Source: 365GayTwo of Congress’ three openly gay members said Saturday that the U.S. House is poised to pass bills to provide health coverage for the same-sex partners of gay federal workers and to protect all gay and transgender employees from job discrimination.
Speaking to an international conference of gay politicians in San Francisco, U.S. Representatives Tammy Baldwin, D-Wis., and Jared Polis, D-Colo., said they expect a domestic partner benefits bill to come up for a vote by the end of the year and the employment bill to reach the floor early in 2010.

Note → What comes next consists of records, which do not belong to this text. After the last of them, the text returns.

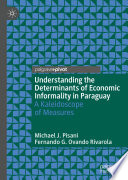 Understanding the Determinants of Economic Informality in Paraguay A Kaleidoscope of Measures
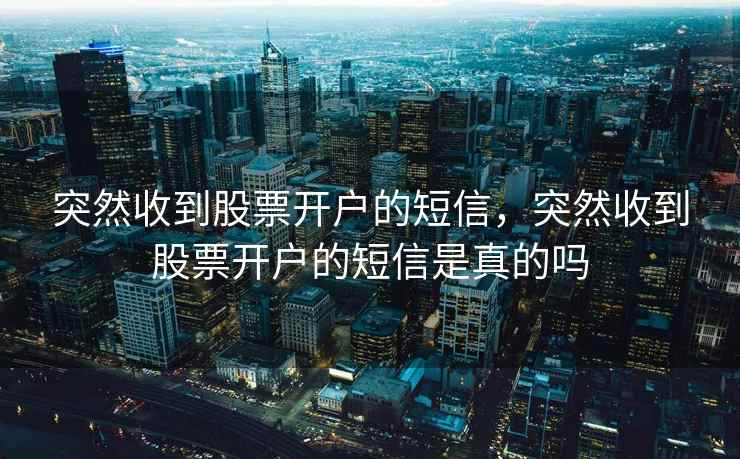 突然收到股票开户的短信，突然收到股票开户的短信是真的吗  第2张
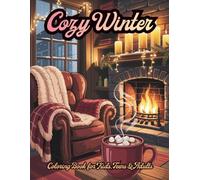 Cozy Winter Magic Coloring Book: Relaxing Warm & Snuggly Scenes for Stress Relief - Snowy Cabins, Hot Cocoa & Winter Decor: 48 Single-Sided Cozy ... Fireside Rooms, Snowy Streets & Decorations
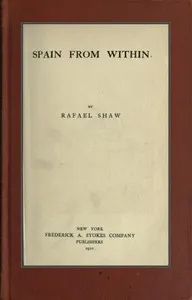 Spain from Within — Rafael Shaw cover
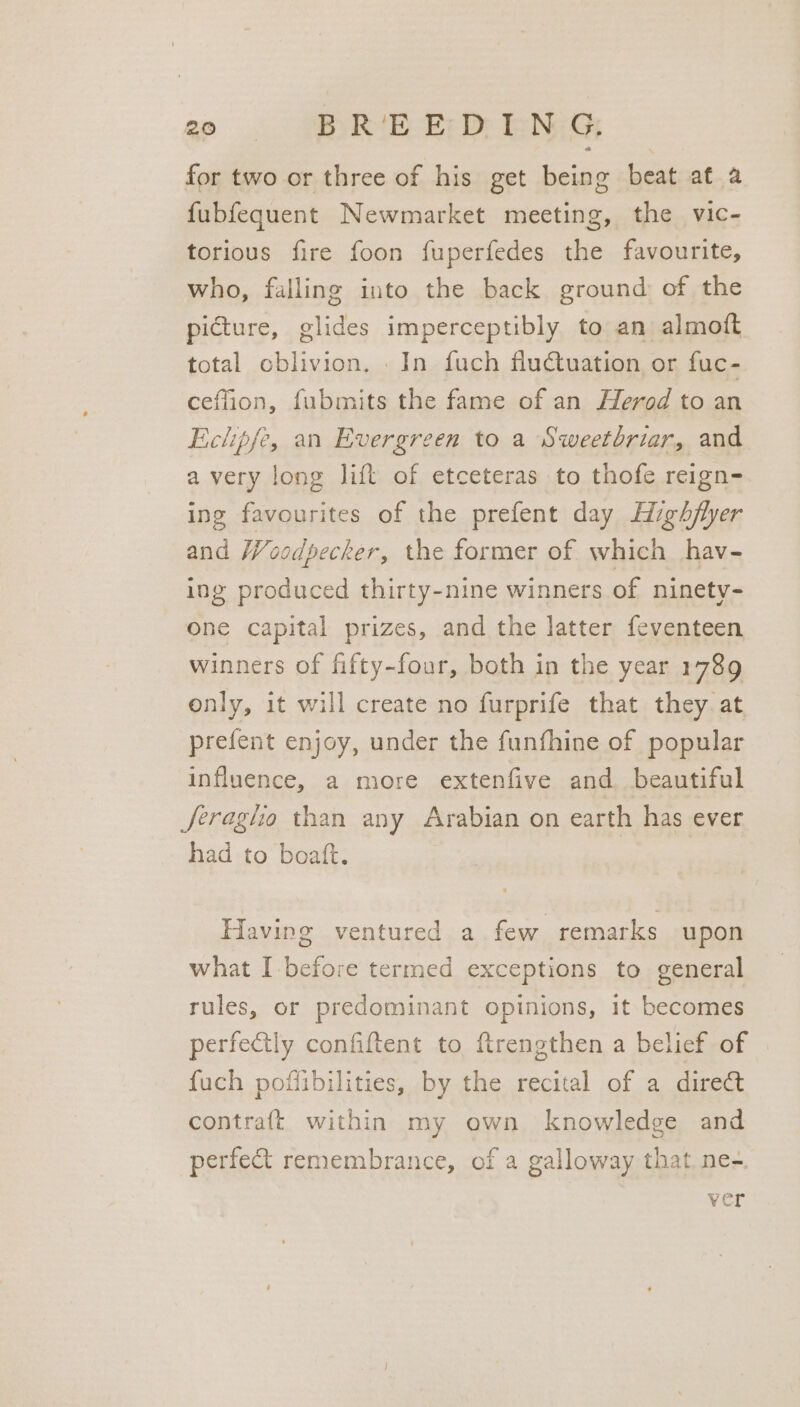 for two or three of his get being beat at a fubfequent Newmarket meeting, the vic- torious fire foon fuperfedes the favourite, who, falling into the back ground of the picture, glides imperceptibly to an almotft total oblivion. In fuch flutuation or fuc- ceffion, fubmits the fame of an Herod to an Eclipse, an Evergreen to a Sweetbriar, and avery long lift of etceteras to thofe reign- ing favourites of the prefent day Highflyer and Woodpecker, the former of which hav- ing produced thirty-nine winners of ninety- one capital prizes, and the latter feventeen winners of fifty-four, both in the year 1789 only, it will create no furprife that they. at prefent enjoy, under the funfhine of popular influence, a more extenfive and beautiful Jeragho than any Arabian on earth has ever had to boatt. Having ventured a few remarks upon what I before termed exceptions to general rules, or predominant opinions, it becomes perfectly confiftent to ftrengthen a belief of | fuch poffibilities, by the recital of a direct contraft within my own knowledge and perfect remembrance, of a galloway that ne-. ver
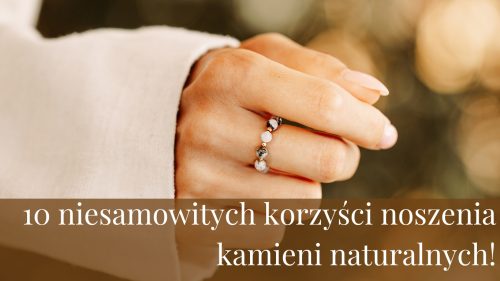 10 niesamowitych korzyści noszenia kamieni naturalnych!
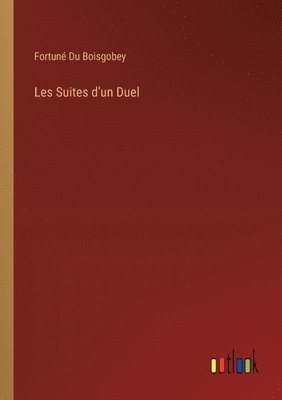 bokomslag Les Suites d'un Duel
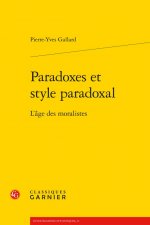 Paradoxes Et Style Paradoxal: L'Age Des Moralistes
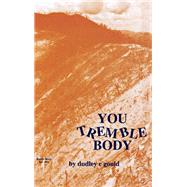You Tremble Body by Gould, Dudley C., 9781681623092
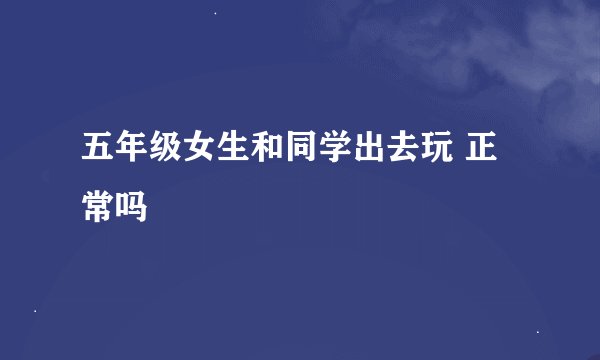 五年级女生和同学出去玩 正常吗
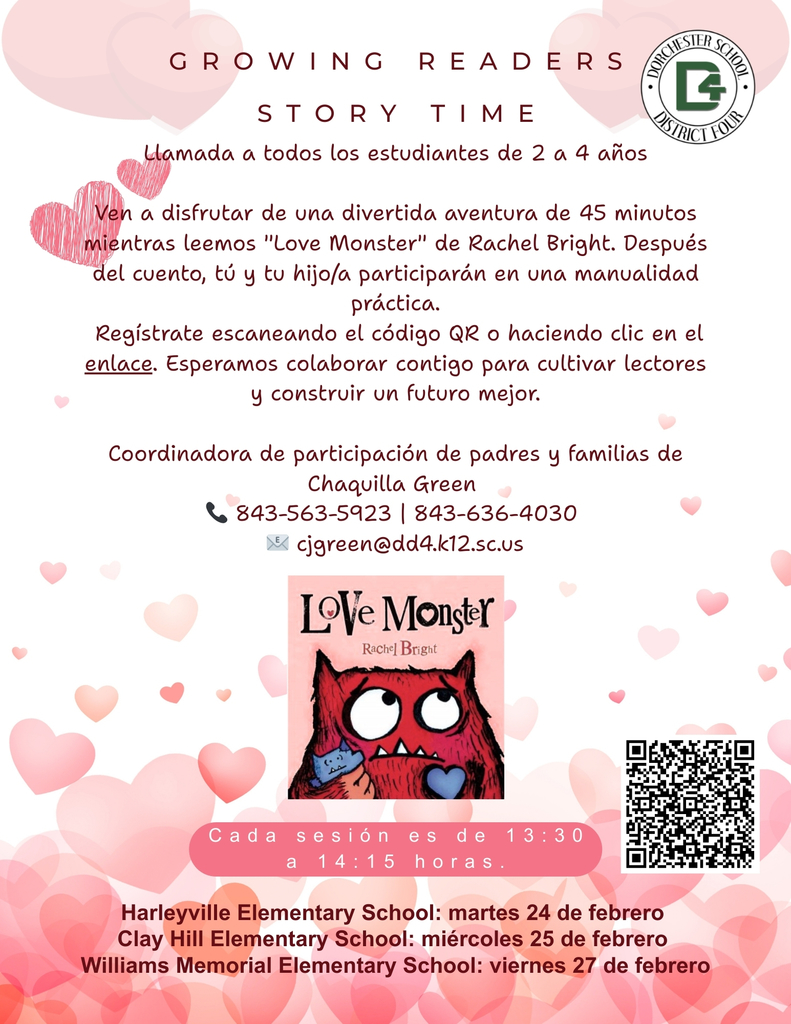 Volante titulado “Growing Readers Story Time” del Distrito Escolar Cuatro de Dorchester con fondo de corazones rosados. Invita a estudiantes de 2 a 4 años a participar en una lectura de 45 minutos del libro “Love Monster” de Rachel Bright seguida de una manualidad práctica. Incluye la información de contacto de Chaquilla Green, Coordinadora de Participación de Padres y Familias, con los números 843-563-5923 y 843-636-4030 y el correo electrónico cjgreen@dd4.k12.sc.us . Cada sesión es de 13:30 a 14:15 horas. Las fechas y lugares son Harleyville Elementary School el martes 24 de febrero; Clay Hill Elementary School el miércoles 25 de febrero; y Williams Memorial Elementary School el viernes 27 de febrero. En la parte inferior derecha aparece un código QR para registrarse y también se puede registrar en https://tinyurl.com/y5uwzdwk . La portada del libro Love Monster aparece en el centro inferior del volante.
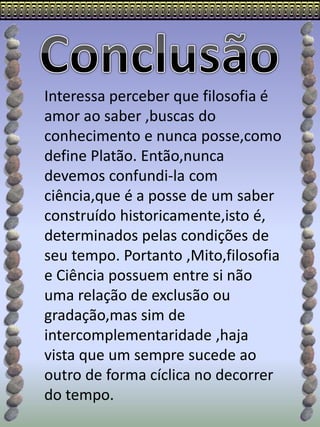 Interessa perceber que filosofia é
amor ao saber ,buscas do
conhecimento e nunca posse,como
define Platão. Então,nunca
devemos confundi-la com
ciência,que é a posse de um saber
construído historicamente,isto é,
determinados pelas condições de
seu tempo. Portanto ,Mito,filosofia
e Ciência possuem entre si não
uma relação de exclusão ou
gradação,mas sim de
intercomplementaridade ,haja
vista que um sempre sucede ao
outro de forma cíclica no decorrer
do tempo.
 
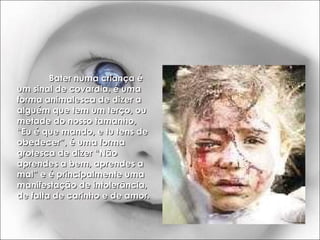 Bater numa criança é um sinal de covardia, é uma forma animalesca de dizer a alguém que tem um terço, ou metade do nosso tamanho, “Eu é que mando, e tu tens de obedecer”, é uma forma grotesca de dizer “Não aprendes a bem, aprendes a mal” e é principalmente uma manifestação de intolerância, de falta de carinho e de amor. 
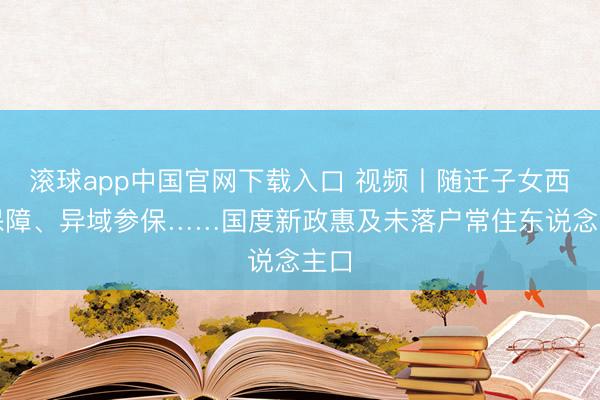 滚球app中国官网下载入口 视频丨随迁子女西宾保障、异域参保……国度新政惠及未落户常住东说念主口
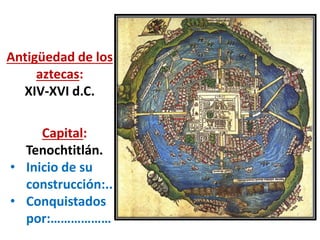 Antigüedad de los
aztecas:
XIV-XVI d.C.
Capital:
Tenochtitlán.
• Inicio de su
construcción:..
• Conquistados
por:………………
 
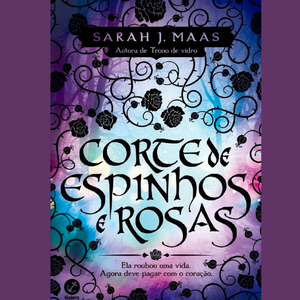 Corte de Espinhos e Rosas (Acotar): Tudo sobre o livro de Sarah J. Maas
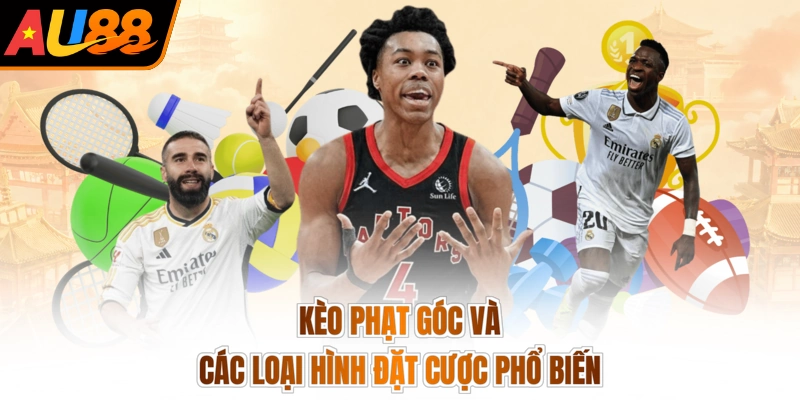 Kèo phạt góc và các loại hình đặt cược phổ biến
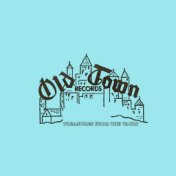 Old Town Records - Treasures From The Vault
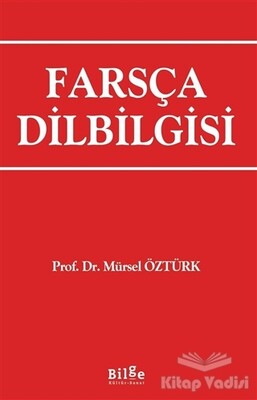 Farsça Dilbilgisi - Bilge Kültür Sanat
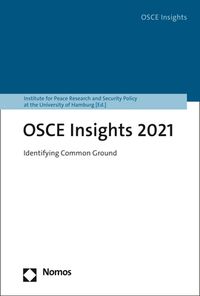 Buch Cover OSCE Yearbook. Yearbook on the Organization for Security and Co-operation in Europe (OSCE) / OSCE Insights 2021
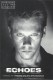 475: Echoes ( David Koepp ) Kevin Bacon, Kathryn Erbe, Zachary David Cope, Illeana Douglas, Kevin Dunn, Conor O´Farell, Luisa Strus, Stephen Eugene Walker, Liza Weil, Steve Rafkin, Chalon Williams, Lisa Lewis, Larry Neuman Jr., Jenny Morrison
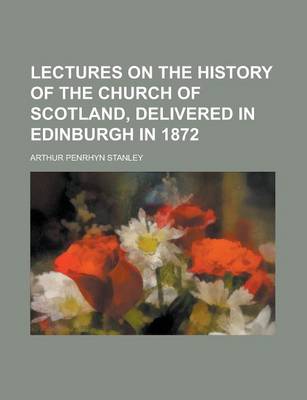 Book cover for Lectures on the History of the Church of Scotland, Delivered in Edinburgh in 1872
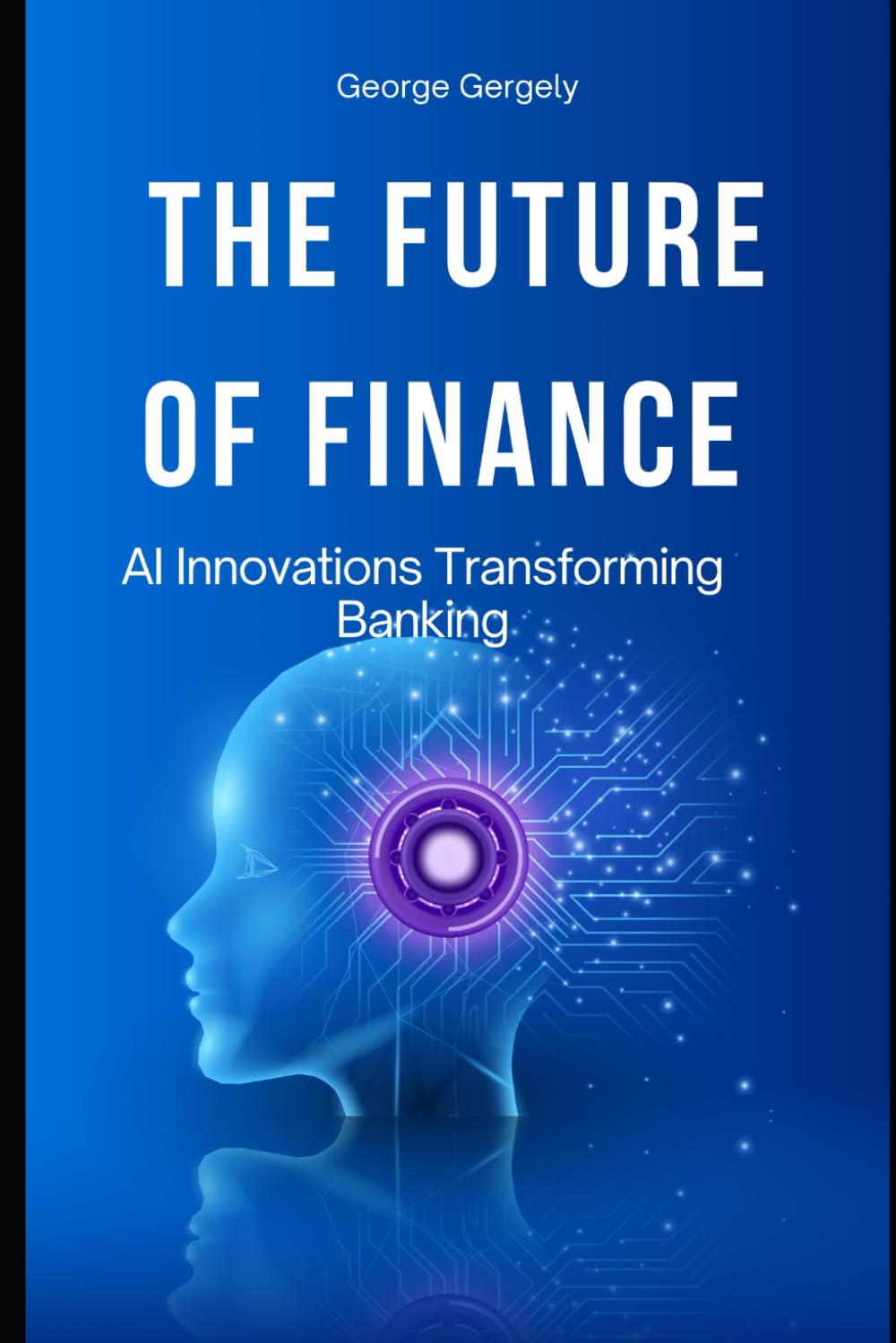 The Future Finance: AI Innovations Transforming Banking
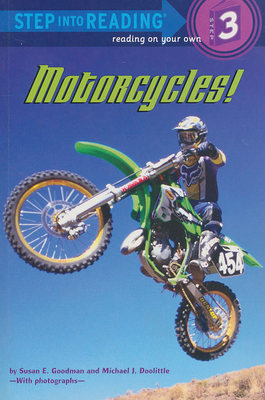 Motorcycles! (Step into Read&amp;hellip;&amp;hellip;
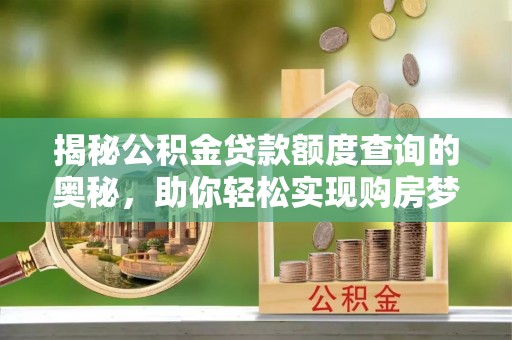 宏伟揭秘公积金贷款额度查询的奥秘，助你轻松实现购房梦想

The lawmakers said they are also confident that the House will include in the annual military spending bill next year a provision to repeal the law that bans gays from serving in the U.S. military. All the measures face a harder time in the Senate following the death of longtime ally Sen. Edward Kennedy, but Baldwin and Polis said they remained optimistic.
“I’m hopeful we will see those three pieces of legislation make it all the way, or damn close,” said Baldwin, who is sponsoring the federal worker domestic partner bill.
Office of Personnel Management director John Berry, the Obama administration’s highest ranking gay appointee, told the conference that the president strongly supports the trio of gay rights measures.
Including transgender workers as part of the legislation to ban job discrimination and lifting the “don’t ask, don’t tell” ban on gay service members may especially meet opposition in Congress, Berry said. But he said that with a Democrat in the White House and Democratic majorities controlling the House and the Senate, victories were “within our grasp.”
“The tide of public opinion is in our favor. The forces of intolerance are on the run. We have a president who has been clear in his support for our community and in his commitment to our equality,” Berry said. “This is the best opportunity we will ever have as a community, and shame on us if we don’t succeed.”
Although gay activists have criticized President Barack Obama for not moving more quickly on their concerns, both Polis and Baldwin said the pressure should be directed at Congress because the president can not act alone.
“LGBT leaders need to be focusing in on the people we need to win over instead of just trying to talk to our friends and being angry they haven’t delivered,” Polis said.